■ MATERIAL PROVIDED ■
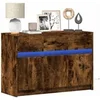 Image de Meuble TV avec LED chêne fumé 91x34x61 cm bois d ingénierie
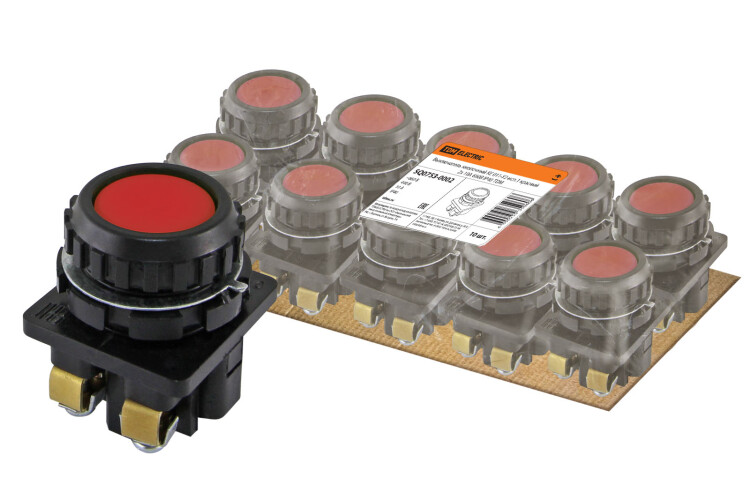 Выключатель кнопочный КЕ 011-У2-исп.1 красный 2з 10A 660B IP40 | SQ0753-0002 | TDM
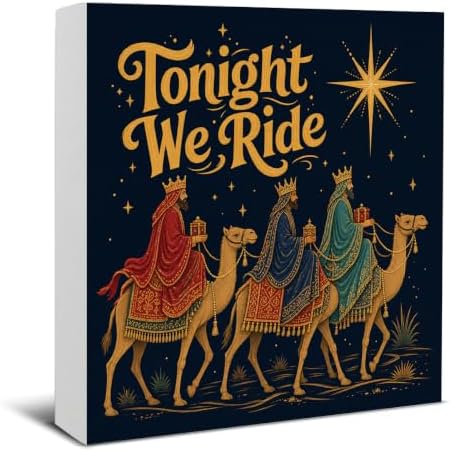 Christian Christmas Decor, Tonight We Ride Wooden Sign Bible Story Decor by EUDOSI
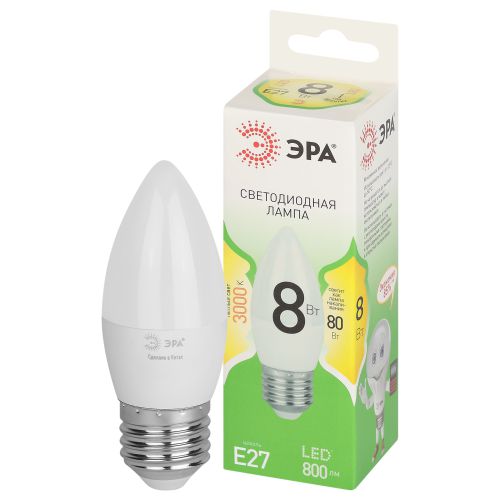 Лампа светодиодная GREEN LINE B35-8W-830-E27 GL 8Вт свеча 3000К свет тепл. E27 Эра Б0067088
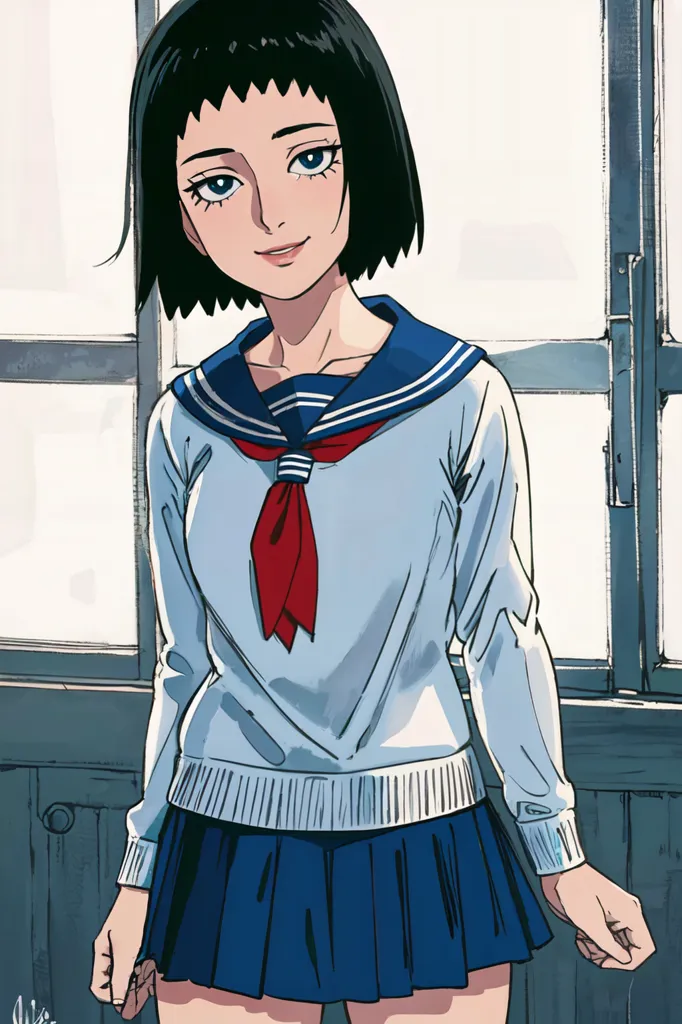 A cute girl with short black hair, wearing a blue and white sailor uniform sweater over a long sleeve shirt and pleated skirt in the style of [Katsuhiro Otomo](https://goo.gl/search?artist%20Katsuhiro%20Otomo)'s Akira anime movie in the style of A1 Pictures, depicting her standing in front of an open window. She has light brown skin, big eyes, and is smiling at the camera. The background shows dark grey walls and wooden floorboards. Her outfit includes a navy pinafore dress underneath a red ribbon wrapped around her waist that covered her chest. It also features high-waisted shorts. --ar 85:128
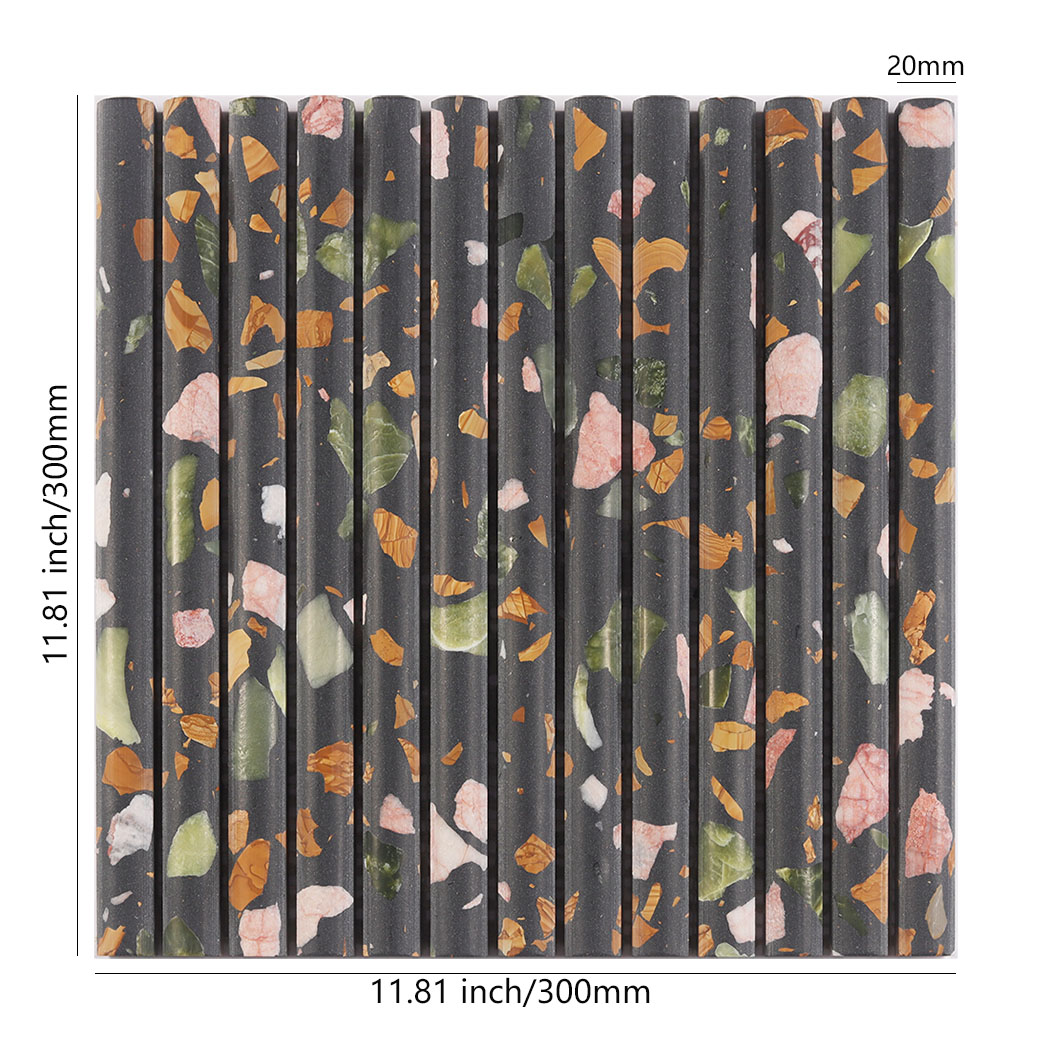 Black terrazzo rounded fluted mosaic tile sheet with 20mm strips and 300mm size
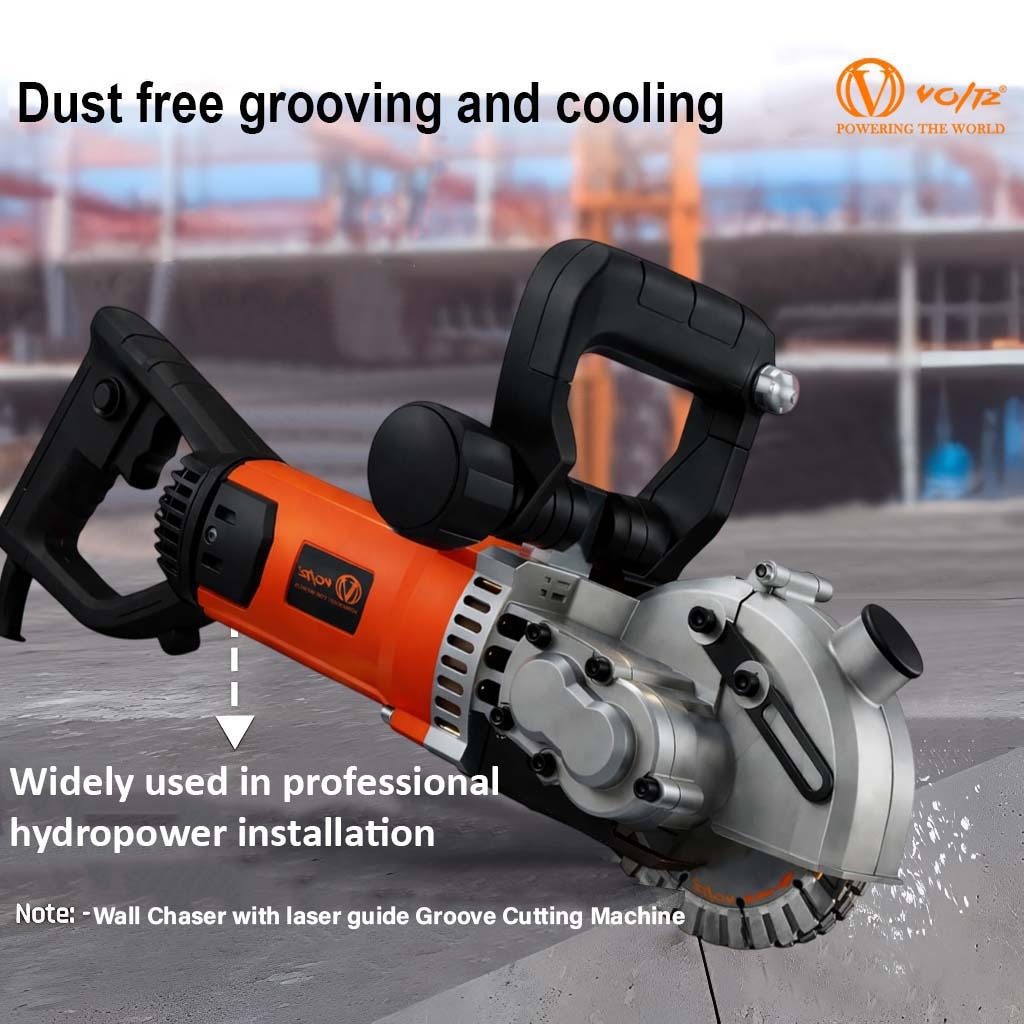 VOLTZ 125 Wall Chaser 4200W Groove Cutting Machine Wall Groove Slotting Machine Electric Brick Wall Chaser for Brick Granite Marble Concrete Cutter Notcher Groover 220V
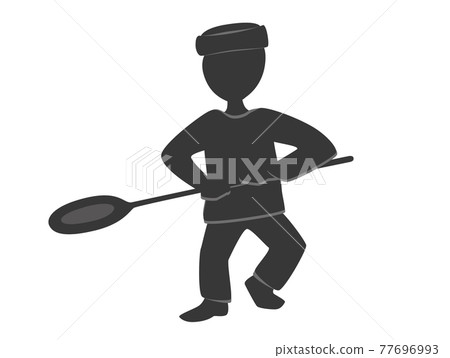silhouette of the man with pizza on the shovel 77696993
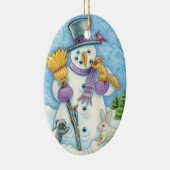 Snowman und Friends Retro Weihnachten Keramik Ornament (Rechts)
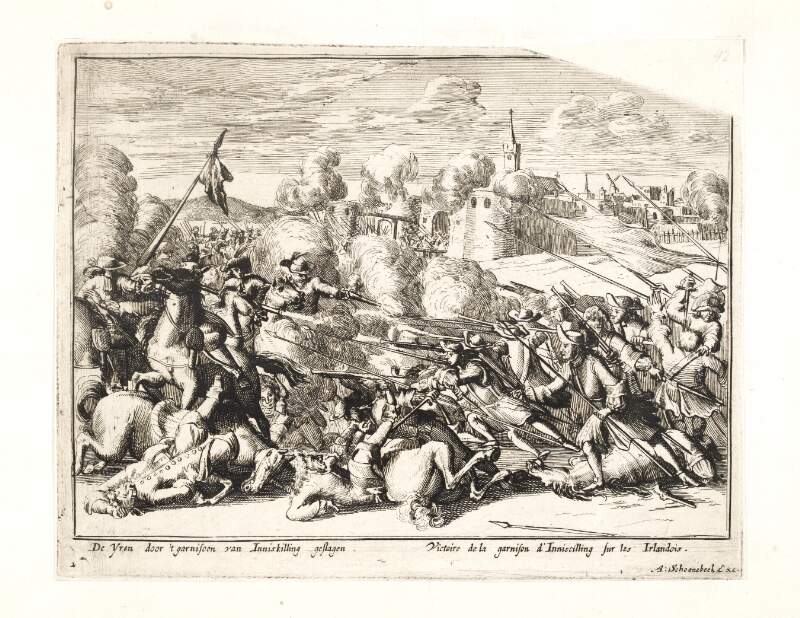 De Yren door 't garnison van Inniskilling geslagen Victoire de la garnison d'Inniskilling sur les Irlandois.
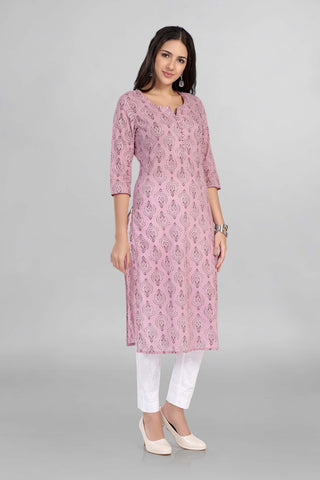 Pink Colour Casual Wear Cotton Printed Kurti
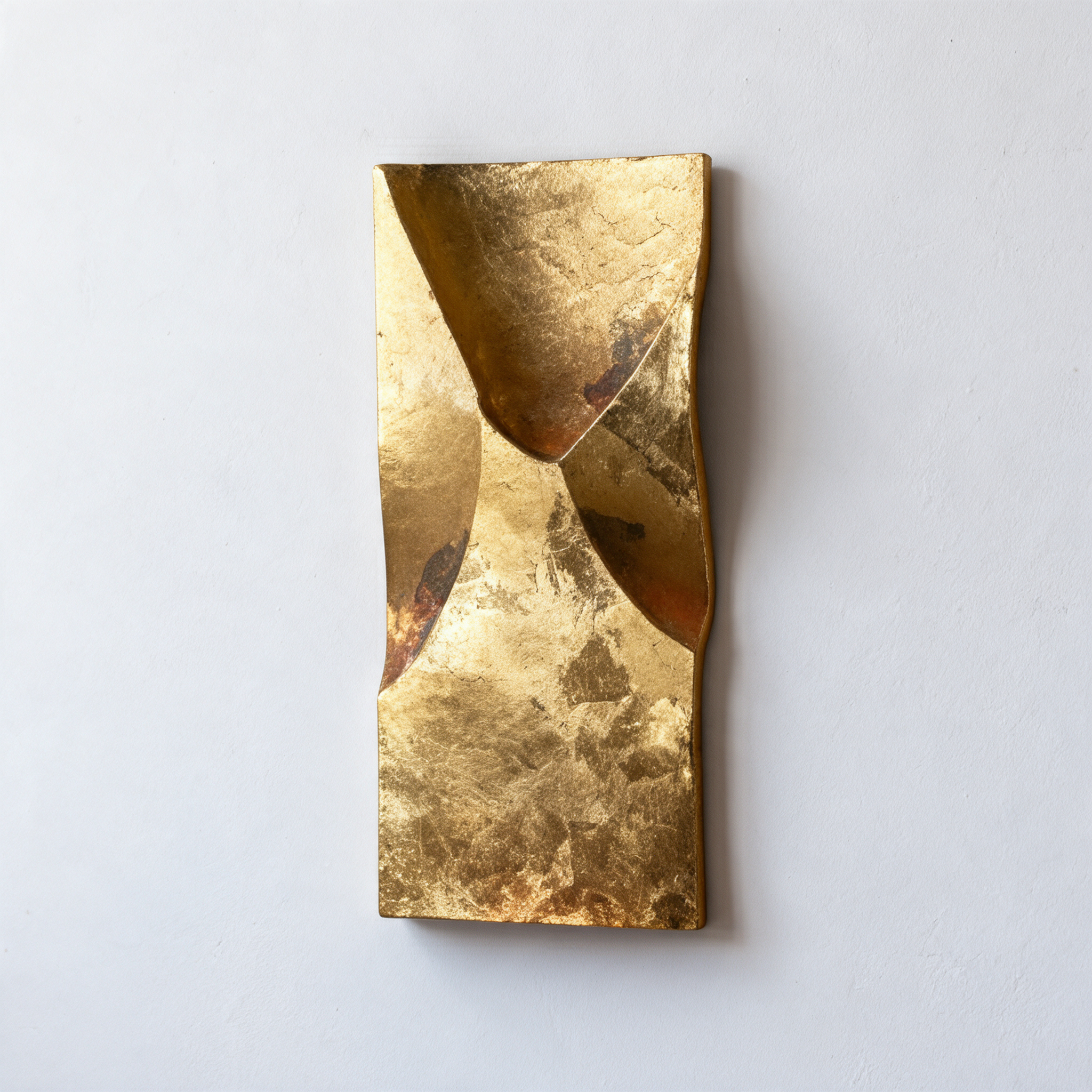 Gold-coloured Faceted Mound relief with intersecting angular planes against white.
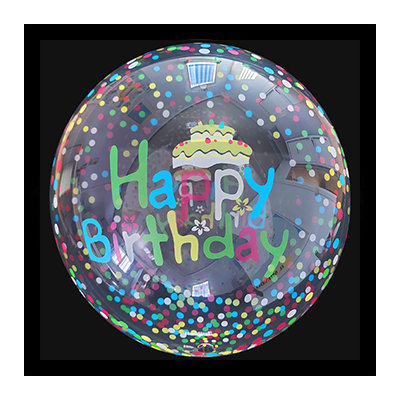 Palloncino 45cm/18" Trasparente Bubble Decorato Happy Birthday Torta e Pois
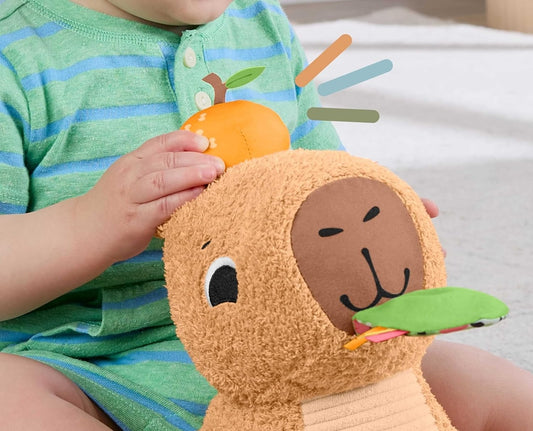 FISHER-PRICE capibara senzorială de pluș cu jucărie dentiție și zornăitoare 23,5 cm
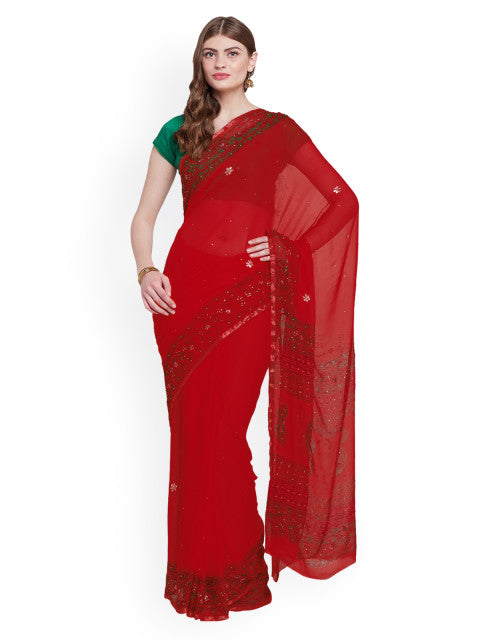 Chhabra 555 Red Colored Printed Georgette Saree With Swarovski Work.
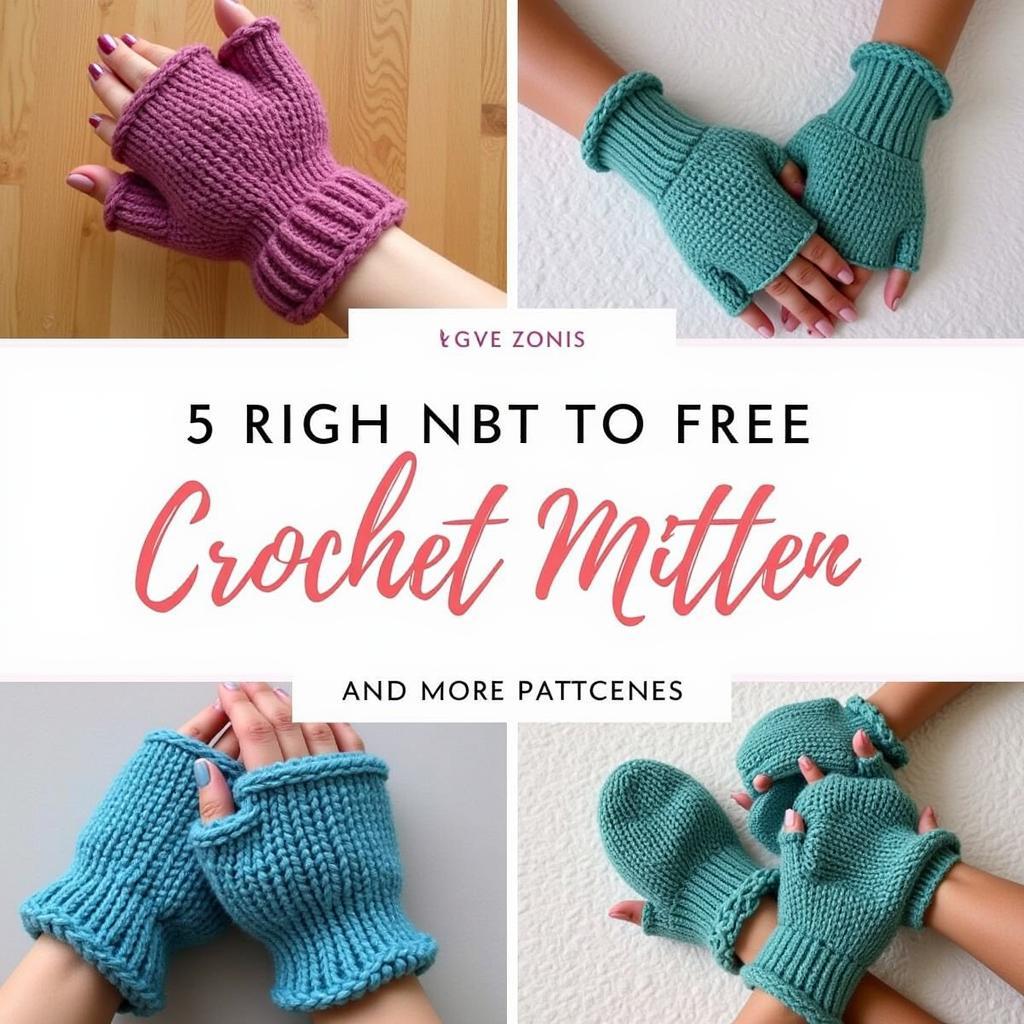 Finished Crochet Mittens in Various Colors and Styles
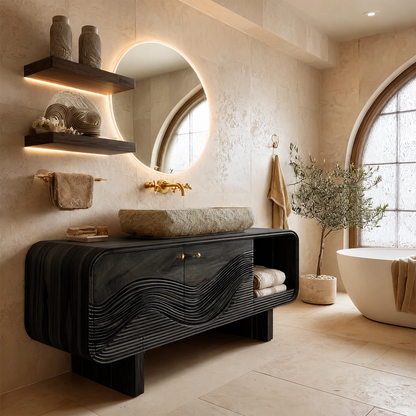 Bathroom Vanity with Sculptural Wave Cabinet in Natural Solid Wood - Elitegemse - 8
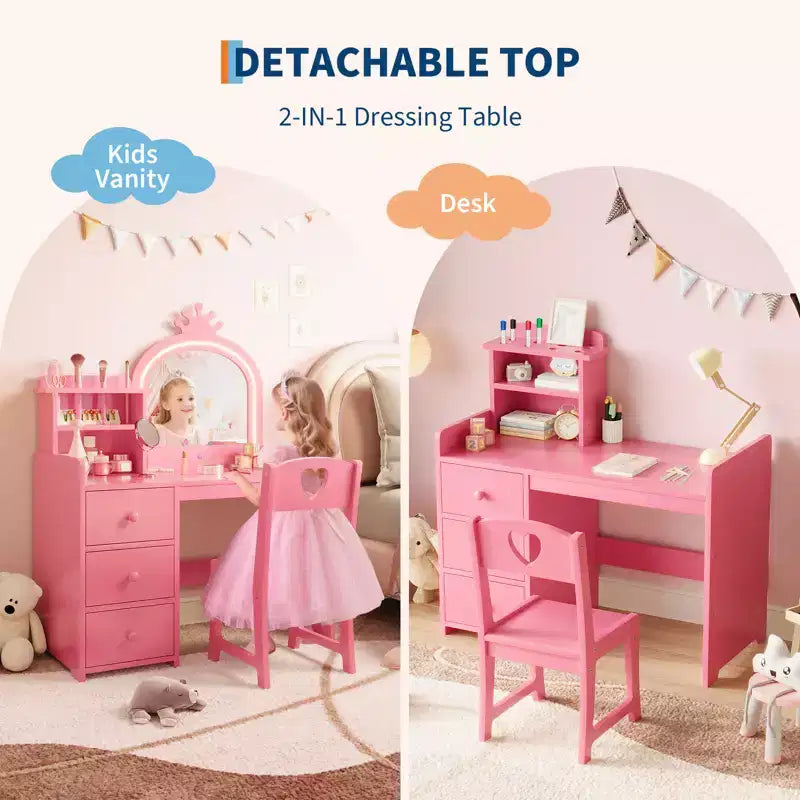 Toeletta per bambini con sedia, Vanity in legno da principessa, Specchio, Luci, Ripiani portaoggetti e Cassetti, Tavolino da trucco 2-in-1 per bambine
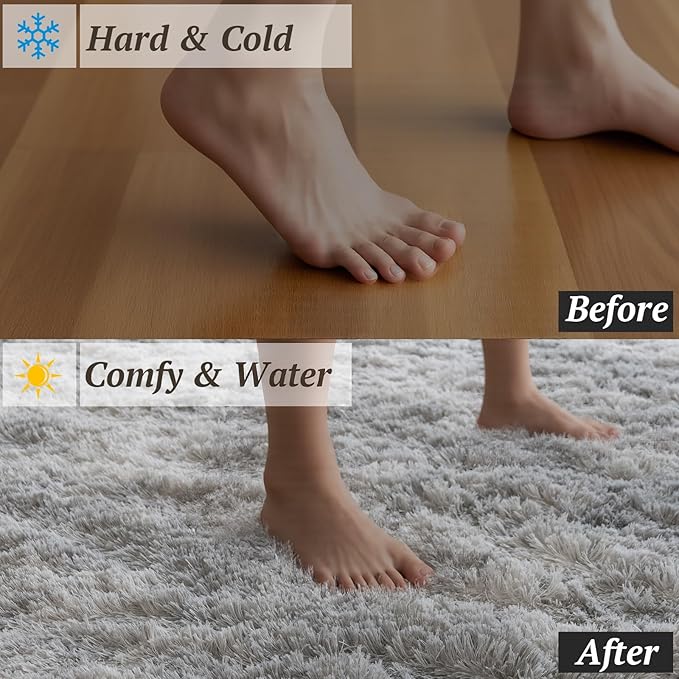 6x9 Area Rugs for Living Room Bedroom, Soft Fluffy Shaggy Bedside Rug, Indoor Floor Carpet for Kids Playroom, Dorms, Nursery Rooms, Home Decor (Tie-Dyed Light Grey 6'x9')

■ TASK REQUIREMENTS ■
Please print the lines exactly, from the top of the material through the line with "Christian Christmas Decor, Tonight", and omit the pictures.

■ ANSWER SECTION ■
 Image de Meuble TV avec LED chêne fumé 91x34x61 cm bois d ingénierie
 Выключатель кнопочный КЕ 011-У2-исп.1 красный 2з 10A 660B IP40 | SQ0753-0002 | TDM
 Christian Christmas Decor, Tonight We Ride Wooden Sign Bible Story Decor by EUDOSI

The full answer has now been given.